• Ricardo Bonacorci

Livros: O Sorriso do Diabo - Parte 3 da série A Bicicleta Azul


Cheguei, enfim, ao livro "O Sorriso do Diabo" (Best Bolso), a terceira parte da série “A Bicicleta Azul”. Esta obra integra o que se convencionou chamar de Trilogia de Régine Deforges. A coleção é também composta por “A Bicicleta Azul” (Best Bolso) e por “Vontade de Viver” (Best Bolso). A história dos três livros é a mesma. Ou melhor, trata-se de uma sequência narrativa. Em todos esses livros, a jovem francesa Léa Delmas está envolvida com os dramas e os horrores da Segunda Guerra Mundial. Não por acaso, a série começa em 1939 (início do conflito armado) e termina em 1945 (quando a guerra tem seu fim).
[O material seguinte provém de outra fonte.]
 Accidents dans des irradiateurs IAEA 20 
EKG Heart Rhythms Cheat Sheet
"O Sorriso do Diabo" tem 420 páginas. Ele começa exatamente onde o livro anterior, “Vontade de Viver”, terminou. Estamos agora no ano de 1944. A ascensão e o domínio nazista na França (e no mundo) sofrem os primeiros revesses. Os alemães têm importantes derrotas e começam a dar sinais que podem perder a guerra. Assim, a Resistência francesa intensifica suas ações no país. O objetivo é derrubar os governantes apoiados por Hitler.
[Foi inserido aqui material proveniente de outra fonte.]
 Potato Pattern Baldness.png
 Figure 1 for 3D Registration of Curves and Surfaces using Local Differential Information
Novamente, a França é palco de intensos conflitos armados. Neste ambiente caótico, Léa precisa cuidar de sua família, cada vez mais fragmentada. Os Delmas vivem doentes e na pobreza. Ao mesmo tempo, Léa segue sua atuação como uma rebelde (integrante da Resistência) e dedica-se a conquistar o coração de François Tavernier, agora seu grande amor.

Ou seja, a protagonista precisa se virar para atingir todas as suas intenções (contraditórias entre si). Ora ela está batalhando para conseguir dinheiro e comida para a família. Logo depois, Léa está fugindo da SS, a polícia nazista, acusada de conspiração contra o governo. Neste meio tempo, ela larga tudo para viver alguns momentos de sexo selvagem com François.

Esta característica da trama faz com que a jovem esteja em constante deslocamento. A personagem principal vive em um ciclo que se repete interminavelmente: Preocupação com a família - fuga dos nazistas - sexo com Sr. Tavernier - preocupação com a família - fuga dos nazistas - sexo com Sr. Tavernier - preocupação com a família. A correria de Léa de um lado para outro dá dinamismo à trama. Contudo, a história perde em verossimilhança. O leitor deve se perguntar: “Como alguém consegue ficar atravessando ruas, estradas e cidades em meio ao tiroteio sem ser atingido?” e “Como alguém procurado pelos nazistas pode viajar tanto em pleno território inimigo?”. Dúvidas que só a ficção é capaz de produzir.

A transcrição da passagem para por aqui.